Exercise goal: After going through the data, give the number of lines that contain the word "фото" as your sole answer.

Data provided:
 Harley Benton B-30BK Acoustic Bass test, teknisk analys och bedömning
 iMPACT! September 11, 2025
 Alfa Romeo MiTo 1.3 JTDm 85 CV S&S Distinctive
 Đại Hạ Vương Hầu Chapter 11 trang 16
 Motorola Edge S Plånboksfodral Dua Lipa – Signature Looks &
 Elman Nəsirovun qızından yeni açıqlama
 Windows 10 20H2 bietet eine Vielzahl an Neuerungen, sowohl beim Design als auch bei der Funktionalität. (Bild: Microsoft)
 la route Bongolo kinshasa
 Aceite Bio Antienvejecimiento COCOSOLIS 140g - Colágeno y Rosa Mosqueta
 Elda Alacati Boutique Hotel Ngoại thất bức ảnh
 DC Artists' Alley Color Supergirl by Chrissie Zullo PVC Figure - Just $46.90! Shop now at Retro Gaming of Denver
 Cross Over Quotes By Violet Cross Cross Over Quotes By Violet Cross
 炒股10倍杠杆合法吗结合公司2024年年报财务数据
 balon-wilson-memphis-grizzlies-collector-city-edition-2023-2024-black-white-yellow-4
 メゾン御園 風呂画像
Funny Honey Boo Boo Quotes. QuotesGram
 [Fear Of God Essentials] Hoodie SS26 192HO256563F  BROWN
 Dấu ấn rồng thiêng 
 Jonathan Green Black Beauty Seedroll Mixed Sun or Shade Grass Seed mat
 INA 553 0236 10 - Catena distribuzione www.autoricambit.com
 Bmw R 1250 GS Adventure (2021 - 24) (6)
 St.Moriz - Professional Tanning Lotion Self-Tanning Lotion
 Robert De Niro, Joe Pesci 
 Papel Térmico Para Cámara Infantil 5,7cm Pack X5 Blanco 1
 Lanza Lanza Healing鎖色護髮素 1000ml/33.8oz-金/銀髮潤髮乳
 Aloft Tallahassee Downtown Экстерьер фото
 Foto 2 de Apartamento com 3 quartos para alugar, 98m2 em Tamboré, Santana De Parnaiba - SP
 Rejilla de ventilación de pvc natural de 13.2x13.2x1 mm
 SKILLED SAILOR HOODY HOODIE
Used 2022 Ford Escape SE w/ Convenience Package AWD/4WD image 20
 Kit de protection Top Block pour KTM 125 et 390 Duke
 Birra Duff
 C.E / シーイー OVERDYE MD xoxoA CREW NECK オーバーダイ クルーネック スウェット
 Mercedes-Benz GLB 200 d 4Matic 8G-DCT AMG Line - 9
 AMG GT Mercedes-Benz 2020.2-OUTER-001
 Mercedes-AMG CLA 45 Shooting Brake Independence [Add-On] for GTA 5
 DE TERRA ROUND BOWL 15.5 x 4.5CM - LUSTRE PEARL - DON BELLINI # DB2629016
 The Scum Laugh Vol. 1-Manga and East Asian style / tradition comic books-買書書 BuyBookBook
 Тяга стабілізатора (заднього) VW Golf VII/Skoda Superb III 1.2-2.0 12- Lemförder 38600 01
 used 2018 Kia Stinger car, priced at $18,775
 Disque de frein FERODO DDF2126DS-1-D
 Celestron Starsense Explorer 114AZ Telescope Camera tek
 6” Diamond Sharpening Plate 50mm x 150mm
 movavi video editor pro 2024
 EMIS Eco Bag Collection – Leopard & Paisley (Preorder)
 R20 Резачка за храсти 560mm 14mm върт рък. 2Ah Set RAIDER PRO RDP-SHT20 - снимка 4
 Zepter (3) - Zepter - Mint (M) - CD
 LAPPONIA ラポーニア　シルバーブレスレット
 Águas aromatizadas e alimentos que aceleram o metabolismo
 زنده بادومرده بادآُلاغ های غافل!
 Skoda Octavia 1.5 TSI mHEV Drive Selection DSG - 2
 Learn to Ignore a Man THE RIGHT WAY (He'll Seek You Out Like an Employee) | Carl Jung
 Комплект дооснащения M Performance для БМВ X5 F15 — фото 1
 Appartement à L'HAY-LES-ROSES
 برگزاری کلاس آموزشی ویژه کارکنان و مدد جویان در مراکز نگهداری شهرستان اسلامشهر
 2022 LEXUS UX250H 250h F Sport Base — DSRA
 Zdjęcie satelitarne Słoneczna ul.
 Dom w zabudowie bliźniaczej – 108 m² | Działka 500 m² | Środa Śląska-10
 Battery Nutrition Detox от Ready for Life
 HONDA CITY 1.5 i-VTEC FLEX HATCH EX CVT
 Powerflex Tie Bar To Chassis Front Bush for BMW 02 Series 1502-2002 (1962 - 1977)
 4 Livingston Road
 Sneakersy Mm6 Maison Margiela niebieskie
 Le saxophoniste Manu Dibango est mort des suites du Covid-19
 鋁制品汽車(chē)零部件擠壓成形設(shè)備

Written solution: 2